Se fossem céleres e não demonstrassem condescendência demasiada com seus iguais, deputados e senadores reforçariam a independência do Congresso
Outra situação constrangedora que precisa de uma pronta resposta de seus pares é a do senador Chico Rodrigues (DEM-RR), flagrado em outubro do ano passado com R$ 33 mil escondidos na cueca. O dinheiro, segundo a Polícia Federal, teria sido desviado do combate à pandemia. Rodrigues tirou licença logo após o episódio, mas voltou a Brasília na semana passada. Reassumiu naturalmente suas funções, sem dar formalmente qualquer explicação aos colegas, que também não fizeram grande esforço para avaliar sua conduta. O Conselho de Ética do Senado se reuniu pela última vez em setembro de 2019 e, até agora, não há nenhum procedimento instalado para apurar as acusações contra o senador. Se a Casa zela por sua imagem, deve imediatamente dar início ao devido processo interno para averiguar o caso e, se for comprovado o desvio, até cassar o mandato de Rodrigues.
O espírito de corpo muitas vezes injustificável é uma das razões de o Congresso, instituição basilar da democracia, seguidamente ser visto com certa desconfiança pela população. Em relação à Câmara, desde 2002 foram quase duas centenas de representações avaliadas pelo Conselho de Ética, as quais em apenas sete oportunidades levaram à perda de mandato. Além de em regra as penas serem brandas, os casos costumam se desenrolar com extrema lentidão, como se o tempo e o surgimento de novos escândalos fossem aliados para esfriar a pressão da opinião pública. Acusado do desvio de recurso de obras para mitigar efeitos da seca, o deputado Wilson Santiago (PTB-PB) tem, por exemplo, o seu processo há mais de um ano dormitando.

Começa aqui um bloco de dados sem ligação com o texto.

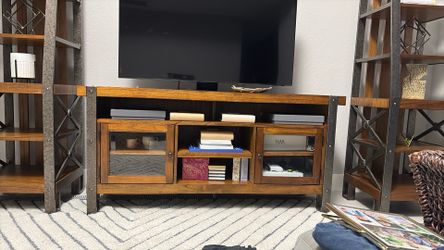 media stand and bookshelves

As omissões e a resistência à essencial tarefa da autodepuração no Congresso levam a situações que forçam a interferência de outros poderes, principalmente do Supremo Tribunal Federal (STF). São atritos que seriam dispensáveis se deputados e senadores agissem conforme o esperado pela sociedade, de acordo com os seus deveres, com o regimento e em nome da moralidade. Se fossem céleres e não demonstrassem condescendência demasiada com seus iguais, deputados e senadores reforçariam a independência do Congresso e melhorariam a imagem do parlamento. Espera-se que agora os membros do Conselho de Ética da Câmara examinem de maneira rigorosa e diligente os casos de Flordelis e Silveira e, após amplo espaço para a defesa, decidam de acordo com as evidências existentes e, sem acomodações ou conchavos, apliquem as devidas punições.